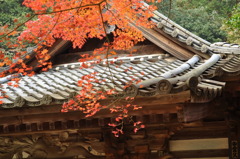 屋根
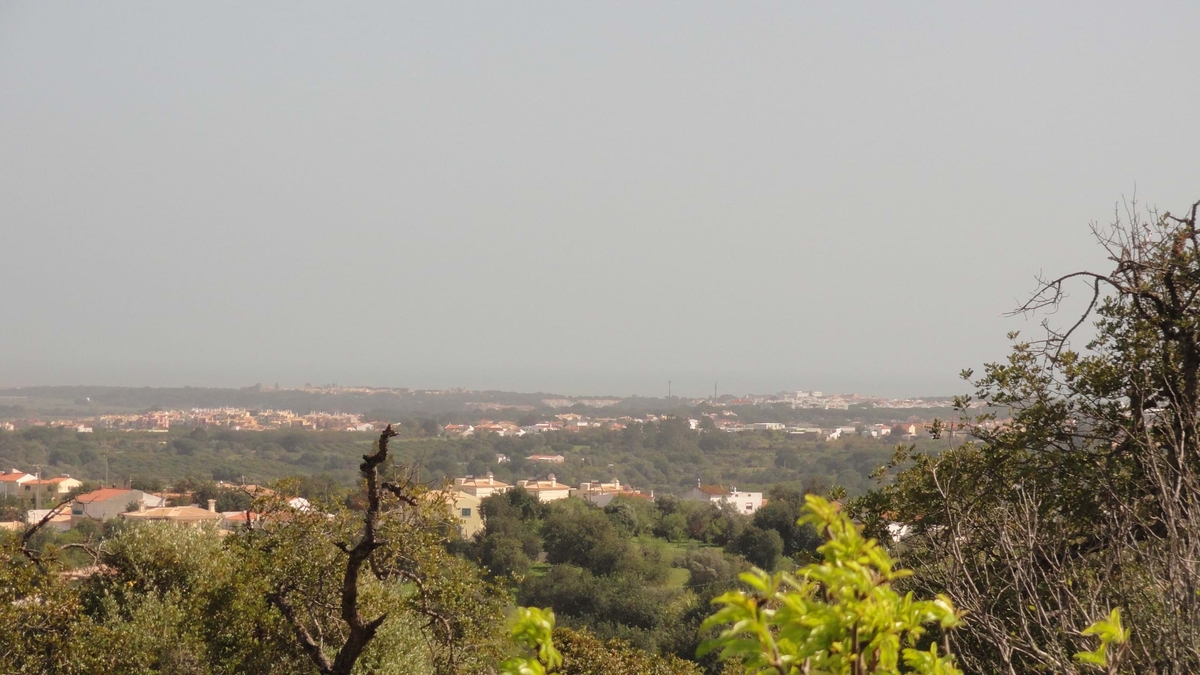 Land_for_sale_in_Ferreiras_LSA14035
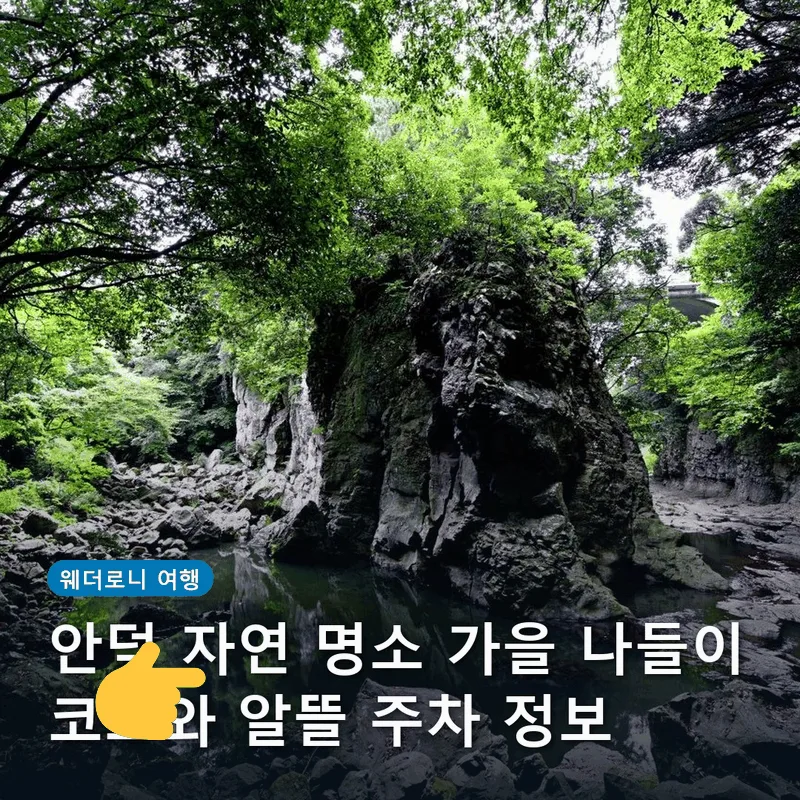 안덕 자연 명소 가을 나들이 코스와 알뜰 주차 정보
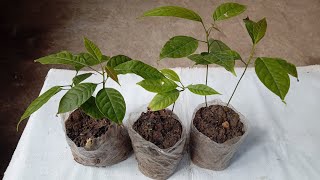 How to propagate mahogany or swietenia macrophylla tree from seed [upl. by Nadeau]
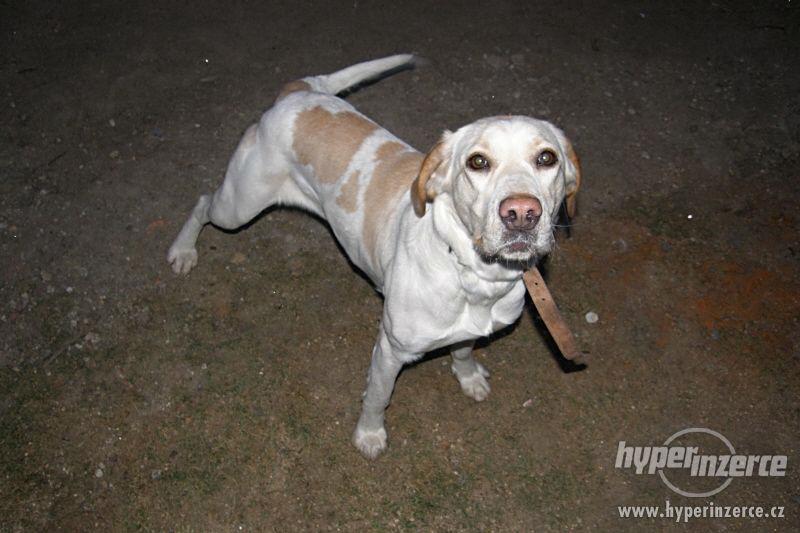 Daruji fenku LABRADORA - foto 2
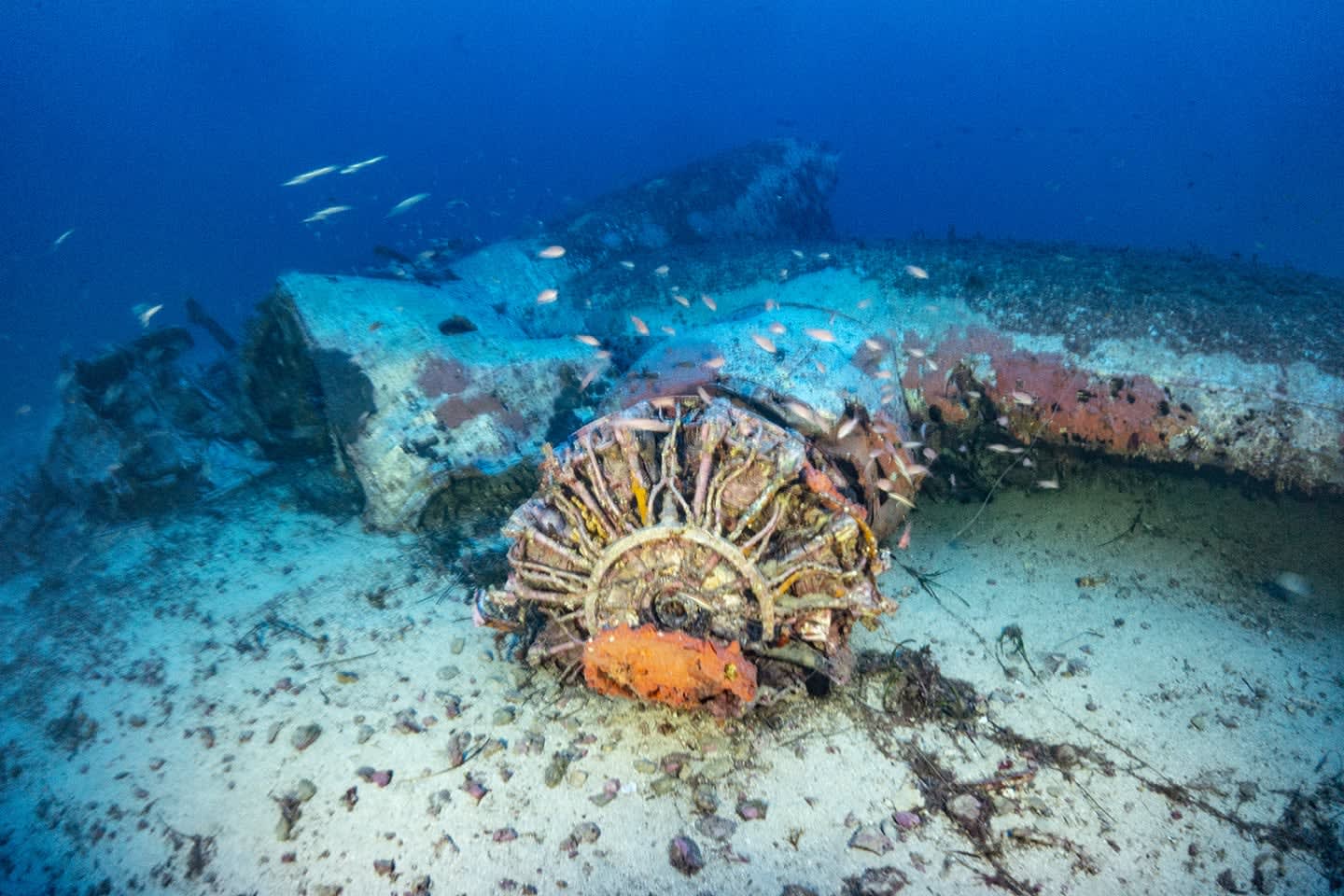 Explore and experience underwater archeological sites undeterred by the physical barrier of the sea(圖7)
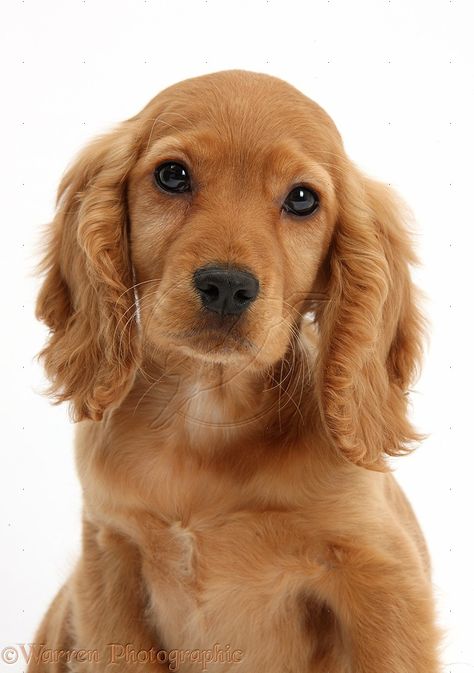 Golden Cocker Spaniel Puppies, Nice Animals, Golden Cocker Spaniel, Golden Cocker, Dream Puppy, Cocker Spaniel Puppy, Mark Taylor, Spaniel Puppies For Sale, Lovely Person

________________________________________

The preceding listing is to be restated word for word, with every picture omitted.

FINAL ANSWER
 屋根
 Land_for_sale_in_Ferreiras_LSA14035
 안덕 자연 명소 가을 나들이 코스와 알뜰 주차 정보
 How to propagate mahogany or swietenia macrophylla tree from seed [upl. by Nadeau]
 Daruji fenku LABRADORA - foto 2
 Explore and experience underwater archeological sites undeterred by the physical barrier of the sea(圖7)
 Golden Cocker Spaniel Puppies, Nice Animals, Golden Cocker Spaniel, Golden Cocker, Dream Puppy, Cocker Spaniel Puppy, Mark Taylor, Spaniel Puppies For Sale, Lovely Person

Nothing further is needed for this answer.